Draft day trades occur for a number of reasons. Teams trade up if they have their eyes on a prospect they believe they absolutely need or if they are concerned by the value of their pick. Meanwhile, teams trade down to acquire additional assets or move to ranges of the draft they believe consist of high value talent. Regardless of the goal, general managers are taking huge risks by moving throughout the draft order. For teams trading up, they are showing extreme commitment for the single player that they are trading up for. For teams trading down, they are depending on the rest of the draft board to fall as they expect, as well as depending on themselves to make the right selections. Considering all of these risks, and sometimes some luck, do these decisions actually pay off?
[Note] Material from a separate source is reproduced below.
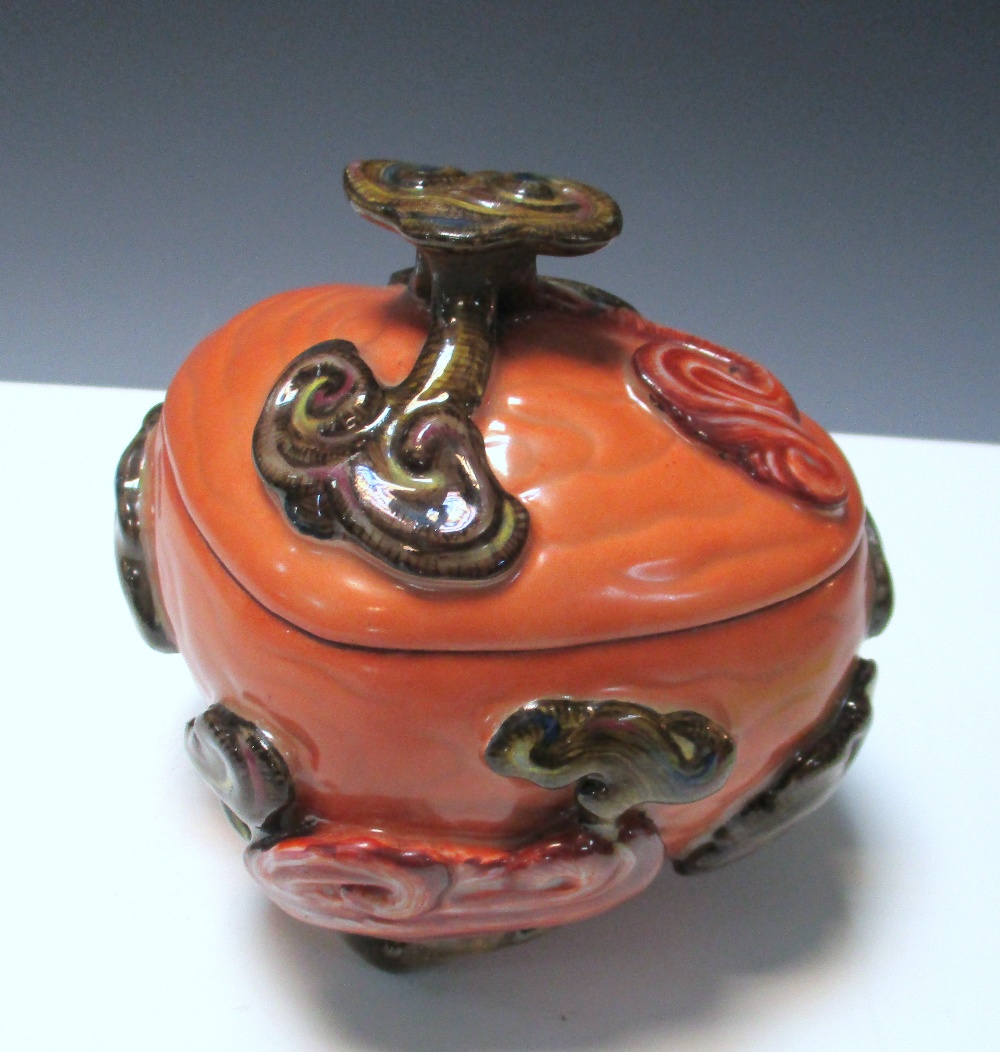 A lingzhih shaped box and cover, gilt seal mark of Qianlong, the coral red ruyi shape moulded with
In order to conclude whether trade ups or trade downs are more effective, an investigation into recent draft day trades is necessary. It is significant to note that draft strategies change over time, especially with the value of certain positions changing as well as changing perceptions of each pick’s value. Considering the shifting nature of football, only recent draft trades will be evaluated. Additionally, only trades made on the day of the draft will be analyzed because those made sooner often depend on a series of factors which transpire between the trade and Draft Day that are difficult to account for. To determine a result based on the riskiest of situations, trades in which the team trading down moves at least five picks in the first round will be investigated. Trades in which teams move less than a handful of picks typically result in each team selecting exactly who they want, which means the likelihood of success hardly depends on the trade itself. Trades outside the first round include less risk because the stakes become lower as the draft progresses. Lastly, trades in which a pick was traded for a player already in the league will be dismissed because comparing rookies to veterans would be unfair.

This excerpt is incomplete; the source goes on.